I guess it's hard to blame NBC. Think of it this way -- resurrect Herman Munster, pulling him from the comic stage to one of serious drama. If it fails, it's more ammunition for critics like me to slap my head. But if it succeeds? NBC becomes adventurous, innovative, and just about every other adjective we currently apply to cable channels. It becomes a risk-taker, and suddenly the rest of its schedule will be noticed, and both critics and viewers alike will want to find out if they're missing something there, too.
But I just don't see it happening. And I'm a Bryan Fuller fan. I mean, seriously, "Dead Like Me" was great (not the telemovie). It wasn't my favorite, but I did enjoy the feel of "Pushing Daisies." "Wonderfalls"? Wow.
However, even the best have to have their "Wonder Woman" moments, right David E. Kelley? We sometimes get so caught up in our own nostalgia that we think we can translate a classic into something for 21st century audiences.
That might work for some shows, procedurals like "Hawaii Five-0." Hell, if it were done right (and depicted strong women, instead of just sexy women), it might even work for "Charlie's Angels." But it won't work for "The Munsters." It can't work for "The Munsters."
The idea of having Frankenstein married to an undead vampire, and having them think they can function seamlessly in a real society was true satire of the human condition.
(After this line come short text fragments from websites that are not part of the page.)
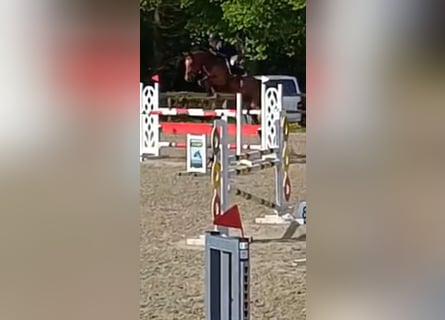 KWPN, Caballo castrado, 5 años, 172 cm, Castaño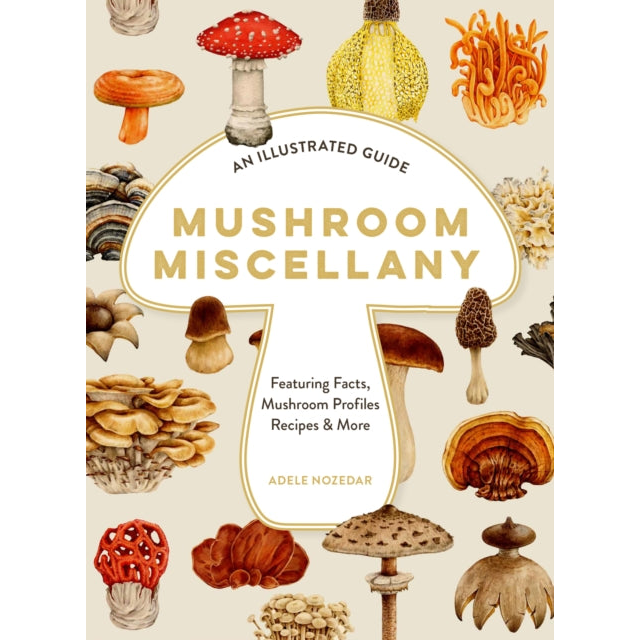 Mushroom Miscellany : An Illustrated Guide Featuring Fun Facts, Mushroom Profiles, Recipes & More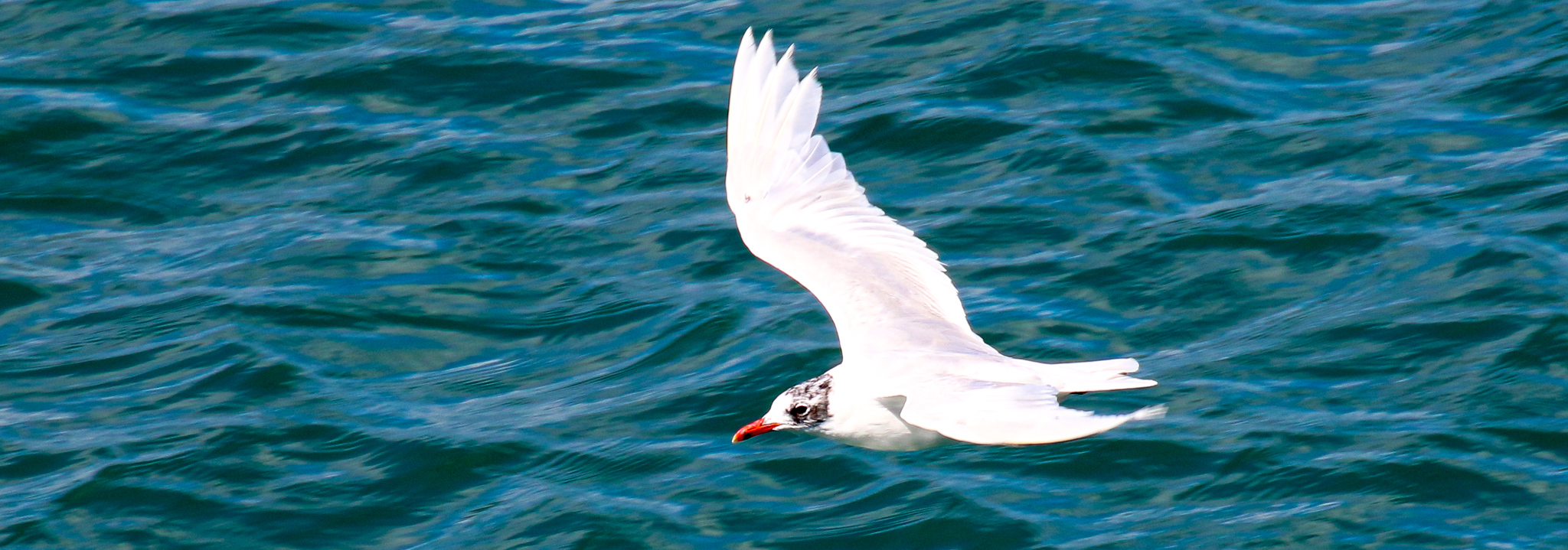 A Mediterranean Gull flies just off Bray Head in County Wicklow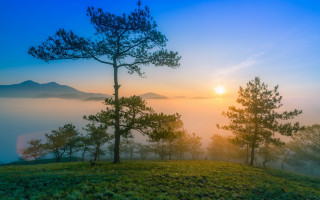 Sunrise mountain fog trees mist - edi rama free wallpaper
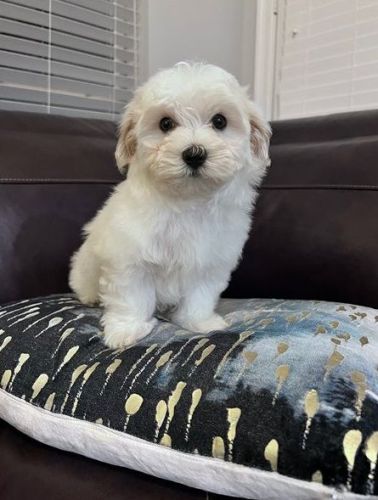 MALTESE PUPPIES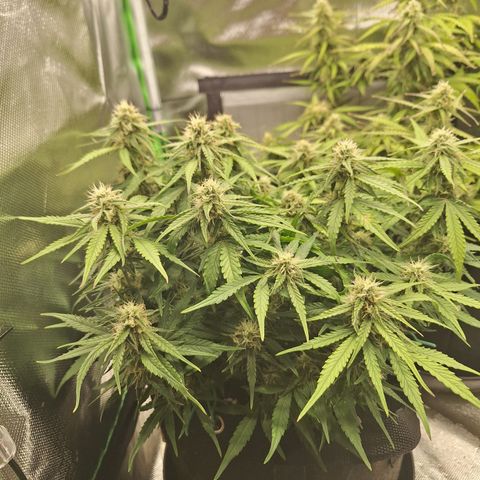 Orion F1 #2 growlog timeline photo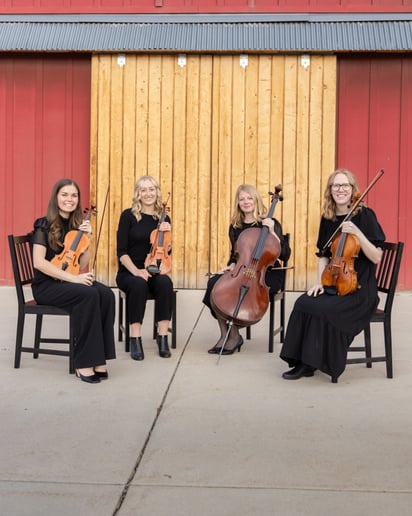 Gallery photo 5 of Souvenir Strings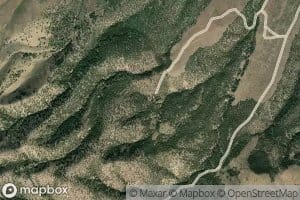 Toms Spring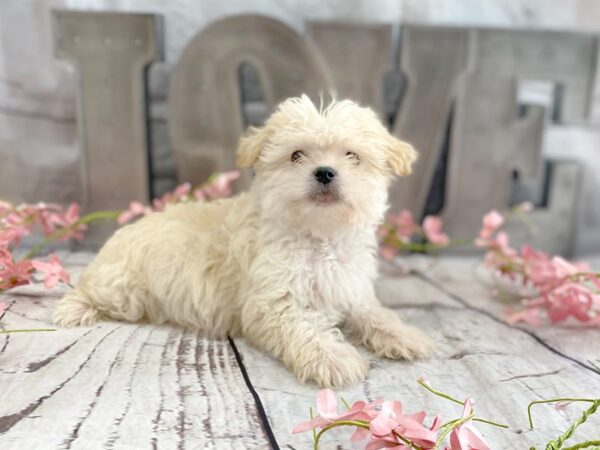 Morkie DOG Male Cream 14891 Petland Grove City & Columbus, Ohio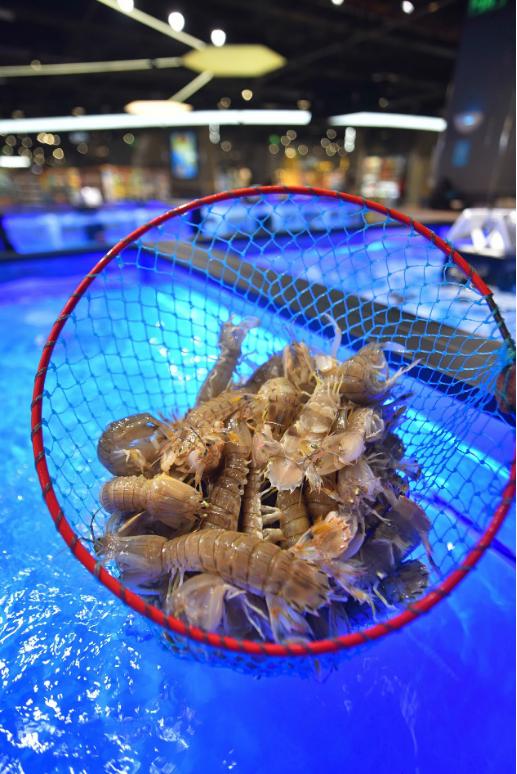 不输三亚第一市场！合肥这家店的波龙海胆帝王蟹……简直太zán了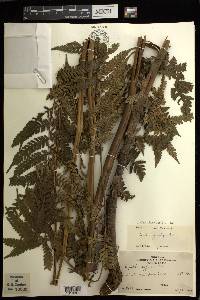 Cyathea moseleyi image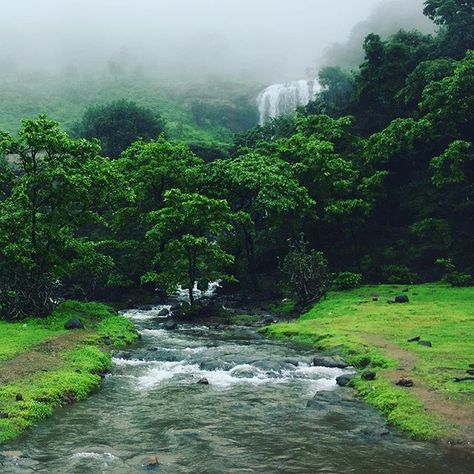 A beautiful site!! Magnificent view on our way to #Rajmachi #Fort #travel #nature #naturalbeauty  #fundays Rajmachi Fort, Lord Photo, Driving Photography, Beautiful Places Nature, Beautiful Sites, Beautiful Nature Pictures, African American History, India Travel, Nature Pictures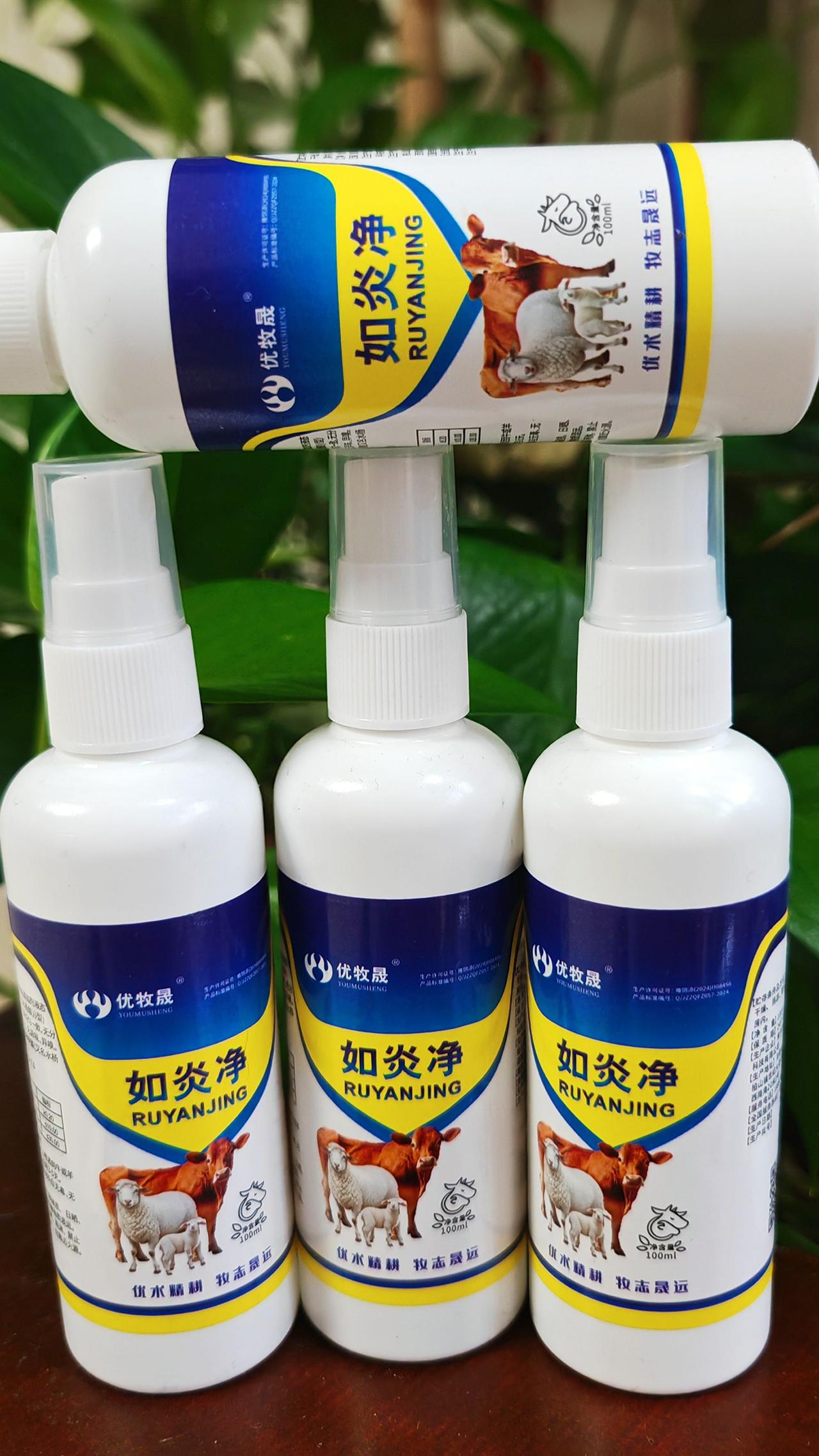 养羊人 农村养羊 牛羊养殖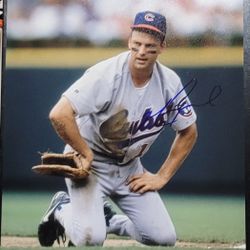MARK GRACE Signed 11x14 Photo Chicago Cubs Autograph
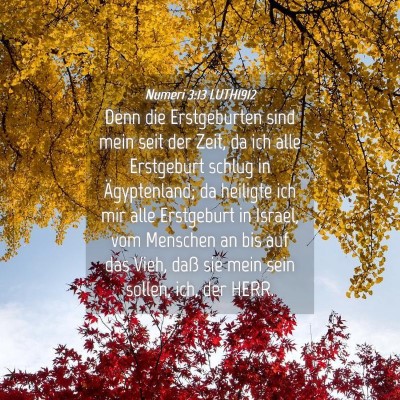 Picture 04 - Numeri 3:13 LUTH1912 - Denn die Erstgeburten sind mein seit der Zeit, da - Bible Verse Picture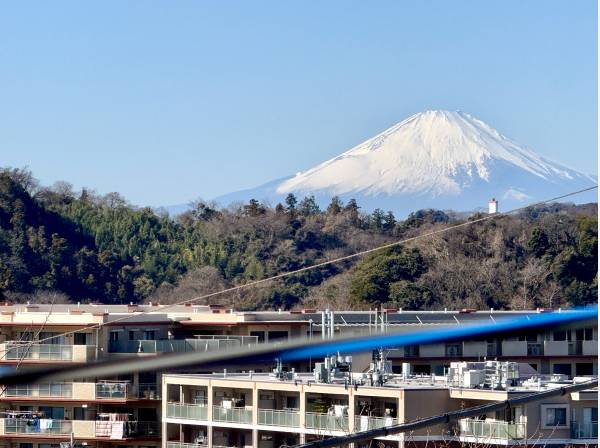 富士山はご覧の迫力で見ました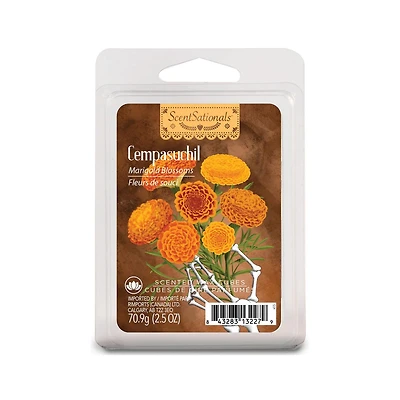 Cubes de cire parfumée ScentSationals - Cempasuchil Fleurs de Souci
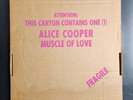 Alice Cooper Muscle of Love LP 1978 Vinyl BS 2748 Warner Bros Records Complete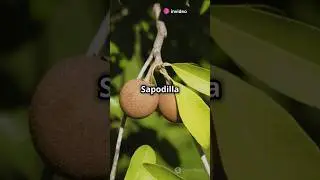 Sapodilla, Sapota, Chicoo : Nutrient Powerhouse #sapodilla #fruitfacts #chicoo #fruit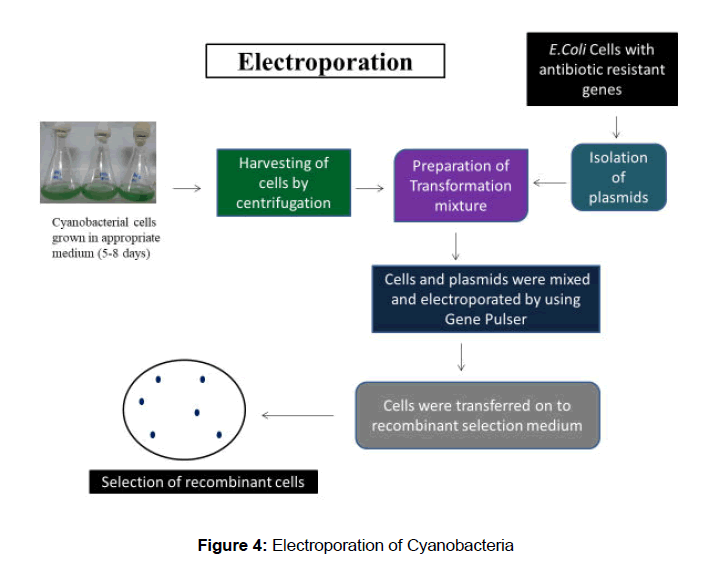 microbiology-biotechnology-Electroporation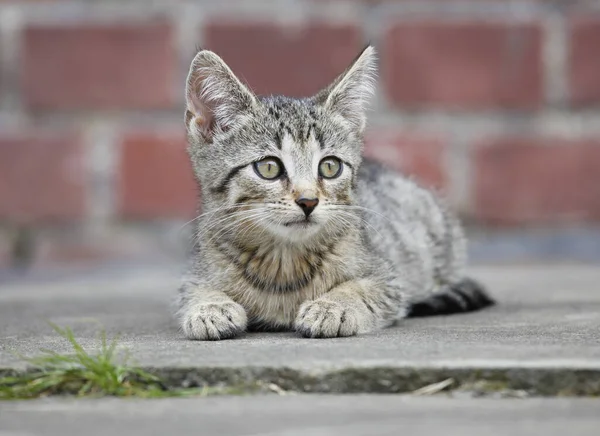 Игры Кошки Природе Портреты Кошек — стоковое фото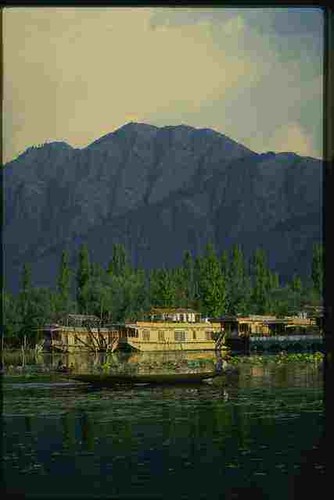 071068 house boats dal lake - house,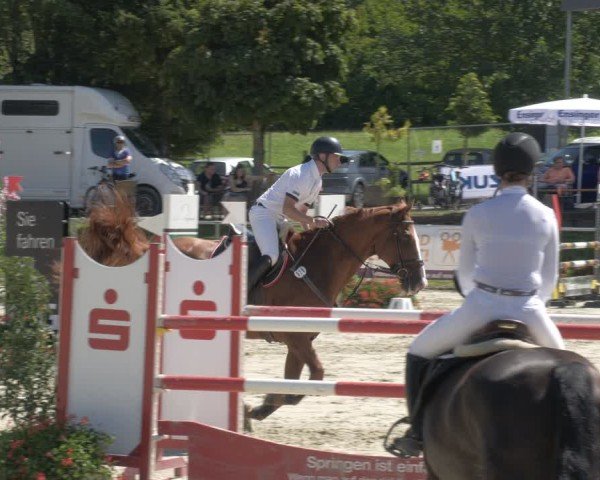Reitturnier Oberderdingen 2024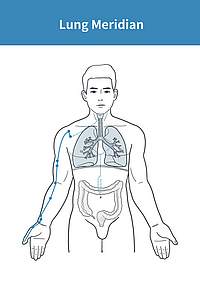Lungenmeridian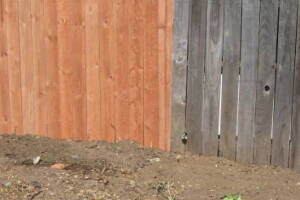Carpentry Fence Install Replacement - Carpentry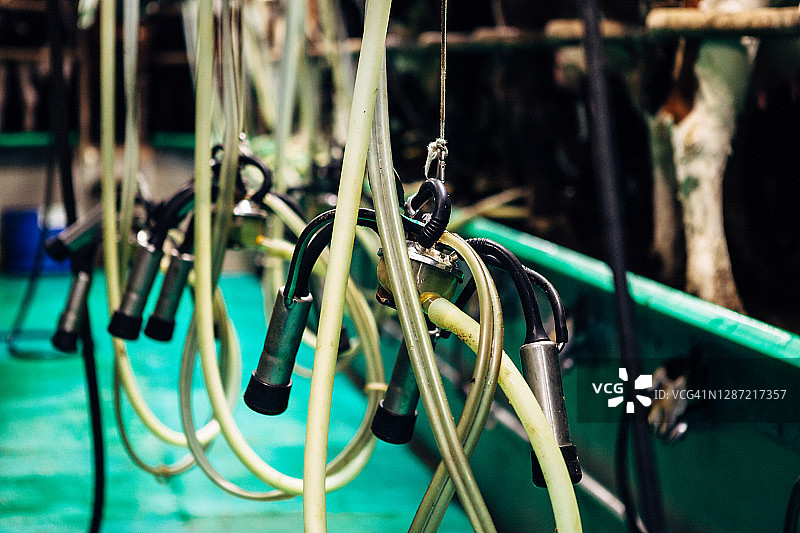 挤奶机设备特写镜头图片素材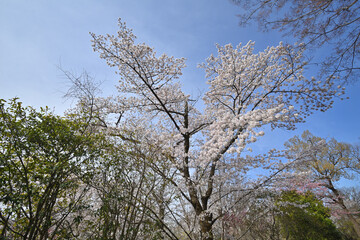 京都府立植物園のサクラ
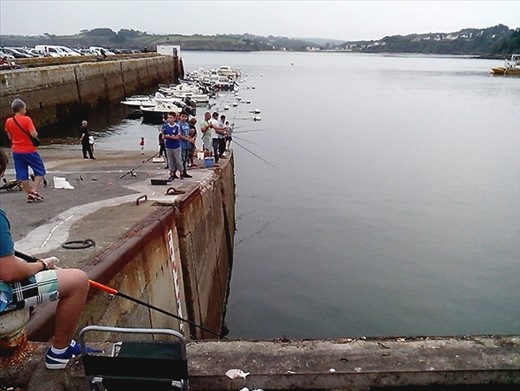 All fishing in the same spot.  The fish didn't stand a chance.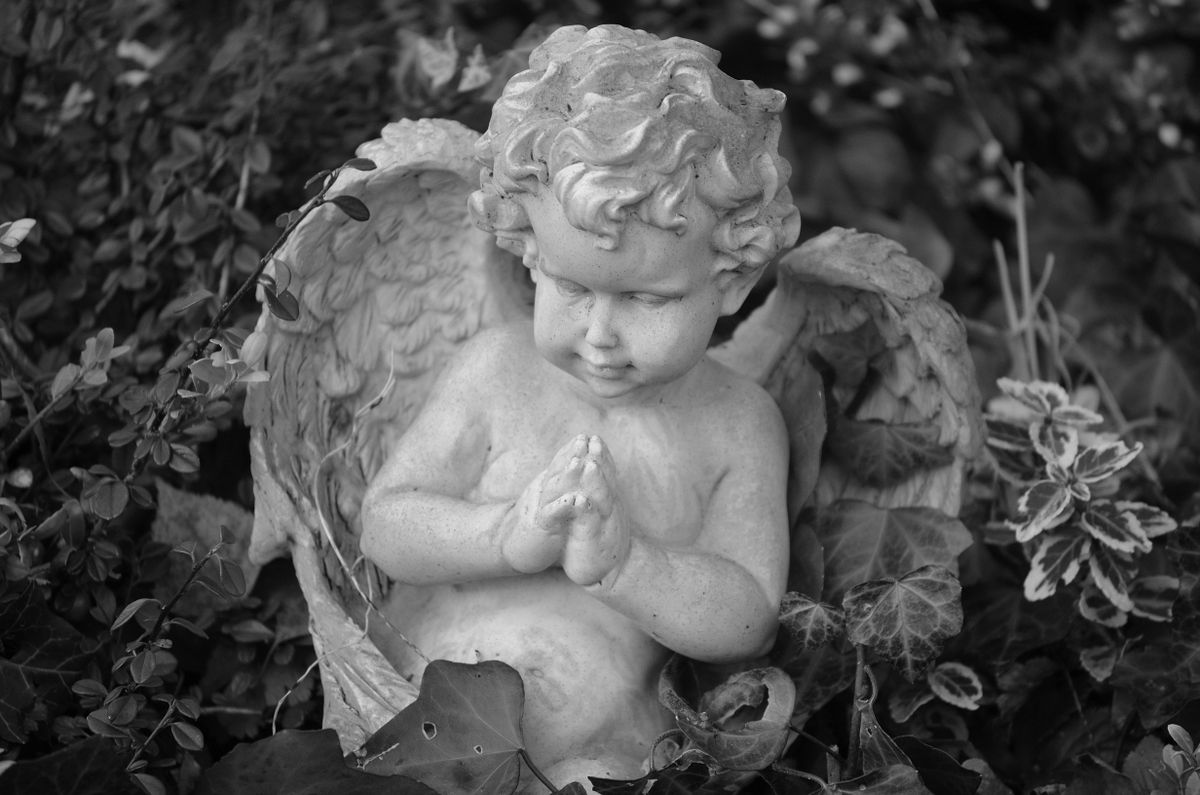 Black and white photo of a stone angel statue in an outdoor garden with foliage.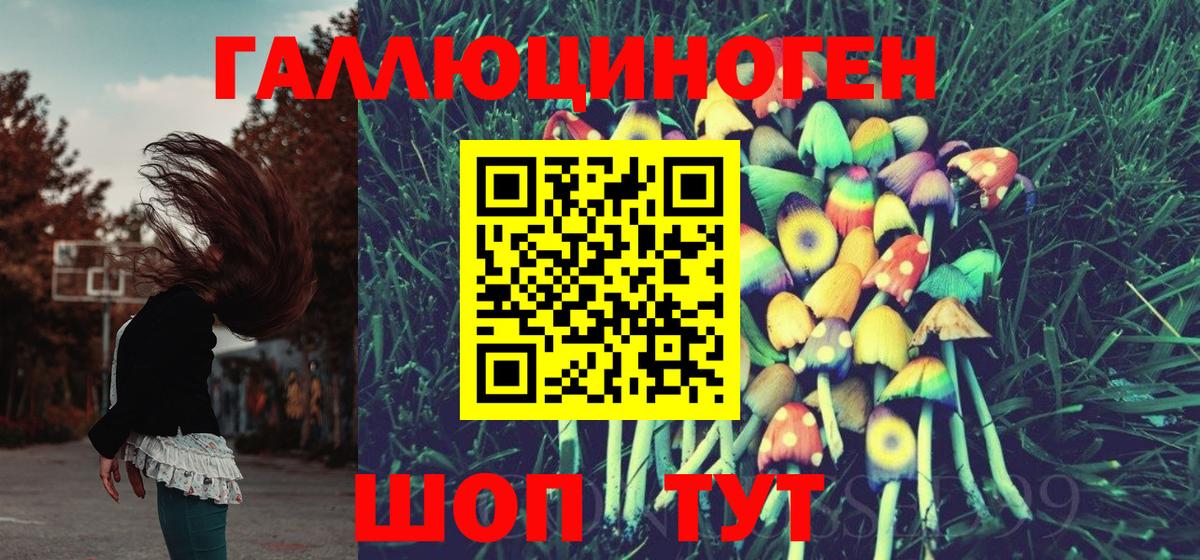 где продают наркотики  Галлюциногенные грибы мухоморы  Вход с VPN  Нововоронеж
The running joke was that the Munsters didn't look at themselves as monsters. They were just like the rest of us, even if the rest of us saw them differently.
That was the basis for the humor and the draw for the show not just in the 1960s, but also in its short-lived resurrection in the 1980s.
Don't get me wrong. It's not that concepts can't change genres. I mean, look at "Little Shop of Horrors." Both the original Roger Corman film of 1960 and the 1987 musical version are actually considered horror comedies. But Declan O'Brien thinks he can make a not-so-funny version of the film, and he's probably right.
But "The Munsters" is a totally different animal. And I fear that a botched attempt at a revival will ruin the nostalgia many people -- including me -- have in growing up and watching the original series. I personally don't see a need to make Herman, Lily and Grandpa serious. In fact, I don't even see a need to do anything more than what's already been produced.
Maybe someday, but not today. And not from a network so desperate for a hit that it will try just about anything.
Be adventurous. Be innovative. But be original. Just ask HBO, AMC or any other cable channel: Without originality, adventure and innovation just doesn't exist.